動画配信用のカメラの前でポーズをとるシニア劇団浪漫座の皆さん=浜松市中区の西部協働センターで

 浜松市 シニア劇団浪漫座
 「画面の前の皆さん、こんにちは〜!」。昨年十二月、浜松市中区の西部協働センター。サンタクロースやトナカイに仮装した女性たちが、元気よくカメラに向かってあいさつする。市内を拠点にする「シニア劇団浪漫座」が、新型コロナウイルス禍での新しい活動として昨秋始めた「ユーチューブ」の生配信だ。
 メンバーは発声練習やサンバを披露し、配信を見ている高齢者福祉施設の利用者を盛り上げる。座長の阿部美幸(みゆき)さん(64)は「慣れないことだらけで、てんやわんやです」と笑顔で語る。
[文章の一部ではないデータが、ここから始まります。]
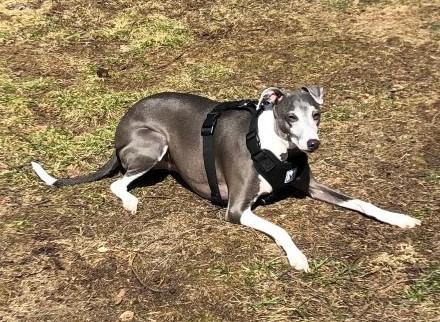 Enlarge King - Bonded with Baby - PENDING, a Adopted Italian Greyhound in Croton on Hudson, NY image 1/3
 浪漫座は二〇一〇年、演出と脚本を務める松尾朋虎(ともこ)(本名・交子(ともこ))さんの呼び掛けで、「シニアがシニアを元気に」をテーマに結成された。きっかけは前年に浜松アリーナ(東区)であった、国民文化祭での三方原合戦を題材にした劇だった。
 市民三百五十人が演じた大きな劇を、松尾さんが取り仕切った。老若男女が参加した中、一番元気で励ましてくれたのが、高齢者だったという。「シニアだけで劇団をつくれば、面白いのでは?」。すぐさまスーパーなどにポスターやチラシで募集をかけ、今日まで十年以上続いてきた。
 メンバーは現在、研修生を含めて五十四歳から八十五歳までの十二人。毎年秋ごろ定期公演を開くほか、冬から春にかけて高齢者施設への巡業公演を続けてきた。
 しかし、新型コロナの影響で、二〇年春から一年以上、公演を中止していた。集まれる人だけで稽古はしたものの、目標がない中、体や気分が乗らない日もしばしばあった。
 それでもここまで継続してきたのは、自分たちが楽しんでいる姿を見て、シニアに元気になってもらいたかったから。阿部さんは「施設の利用者から『生きてて良かった』と言ってもらえたり、職員が今まで見たことない笑顔を見せてくれたりする。それがメンバーの励みにもなるんです」と目を細める。
 ユーチューブでの配信は、コロナ禍での活動を模索する中で生まれた。浜松市の補助金を受け、月に一回、高齢者が一緒に楽しめる軽い体操やゲームを配信する。
 「浪漫座は歌って踊って、みんなに笑ってもらえる劇団。自分たちの人生を豊かにするためにも、大切な居場所なんです」と阿部さん。今日も高齢者に、元気と笑顔を届ける。